CPU and GPU Floating point anomaly

Hi friends

We have a CPU C++ program giving floating point output A
A CUDA C++ port of the CPU C++ program was developed on TESLA C1060 GPU giving floating point output B .

We are getting outputs A and B matching upto only one digit after decimal point.

Please tell us what we should do to get better matching outputs of A and B for more than 6 digits after decimal point.

regards
Team

What is the precision of the GPU code?

double precision for GPU and CPU code

How many significant digits are in front of the decimal point? how many of these match?

You can get error accumulating when you add (or some other operation) two numbers a and b and a/b is of the same order as the precision. But for the double precision you would have to have about 1 billion operations to have so much error accumulating.

I would recommend reading the following whitepaper, if you haven’t had the chance to do so:

[url]http://developer.download.nvidia.com/assets/cuda/files/NVIDIA-CUDA-Floating-Point.pdf[/url]

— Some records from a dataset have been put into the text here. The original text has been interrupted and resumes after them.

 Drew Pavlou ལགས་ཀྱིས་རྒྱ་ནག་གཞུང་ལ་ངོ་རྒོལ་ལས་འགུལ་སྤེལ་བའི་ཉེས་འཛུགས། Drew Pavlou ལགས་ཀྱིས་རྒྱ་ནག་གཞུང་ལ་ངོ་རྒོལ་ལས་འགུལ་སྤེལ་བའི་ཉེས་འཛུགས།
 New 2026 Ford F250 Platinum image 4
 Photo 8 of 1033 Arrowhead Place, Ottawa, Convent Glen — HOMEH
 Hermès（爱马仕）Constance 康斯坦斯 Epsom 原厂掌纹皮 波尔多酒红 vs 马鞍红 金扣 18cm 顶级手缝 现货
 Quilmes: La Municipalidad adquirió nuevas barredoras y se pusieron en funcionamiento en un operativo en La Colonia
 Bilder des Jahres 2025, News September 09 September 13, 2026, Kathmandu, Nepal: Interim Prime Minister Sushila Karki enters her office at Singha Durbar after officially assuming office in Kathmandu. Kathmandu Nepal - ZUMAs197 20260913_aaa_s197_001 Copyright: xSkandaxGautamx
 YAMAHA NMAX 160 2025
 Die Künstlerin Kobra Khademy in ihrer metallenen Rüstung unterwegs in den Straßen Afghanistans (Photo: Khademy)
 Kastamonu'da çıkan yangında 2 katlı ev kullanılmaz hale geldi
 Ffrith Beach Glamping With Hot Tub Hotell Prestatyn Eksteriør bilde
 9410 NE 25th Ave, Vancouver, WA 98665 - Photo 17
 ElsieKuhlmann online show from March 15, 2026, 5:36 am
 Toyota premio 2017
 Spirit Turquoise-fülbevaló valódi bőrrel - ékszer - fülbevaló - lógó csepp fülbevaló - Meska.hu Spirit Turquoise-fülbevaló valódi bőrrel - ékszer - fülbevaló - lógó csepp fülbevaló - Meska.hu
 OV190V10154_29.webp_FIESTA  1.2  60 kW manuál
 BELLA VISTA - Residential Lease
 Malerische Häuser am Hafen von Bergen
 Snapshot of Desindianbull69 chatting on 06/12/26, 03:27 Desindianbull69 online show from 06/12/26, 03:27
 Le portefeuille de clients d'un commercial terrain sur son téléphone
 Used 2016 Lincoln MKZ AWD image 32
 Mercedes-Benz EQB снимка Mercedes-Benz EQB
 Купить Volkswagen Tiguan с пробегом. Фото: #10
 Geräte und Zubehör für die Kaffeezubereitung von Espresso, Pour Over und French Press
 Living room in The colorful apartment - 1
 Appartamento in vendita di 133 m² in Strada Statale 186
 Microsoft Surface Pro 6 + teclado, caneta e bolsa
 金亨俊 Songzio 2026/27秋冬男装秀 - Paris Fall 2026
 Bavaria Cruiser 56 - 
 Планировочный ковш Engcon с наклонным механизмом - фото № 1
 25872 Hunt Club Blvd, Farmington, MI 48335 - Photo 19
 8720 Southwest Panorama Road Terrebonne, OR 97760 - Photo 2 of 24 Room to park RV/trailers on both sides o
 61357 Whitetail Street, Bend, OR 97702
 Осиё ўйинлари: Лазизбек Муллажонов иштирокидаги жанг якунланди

Not knowing anything about the code other than that it is double-precision code, the most likely cause for numerical discrepancies between CPU and GPU would be the merging of double-precision multiplication and addition into double-precision FMA (fused multiply add). You can turn that off by passing -fmad=false to nvcc, but this will likely reduce the accuracy and performance of the GPU code. Generally speaking, the use of FMA typically improves accuracy by reducing rounding and providing some protection from subtractive cancellation.

I am not exactly sure what you mean by “matching to within one digit after the decimal point”. Can you show an example pair of results? How many digits are there altogether, and how many match?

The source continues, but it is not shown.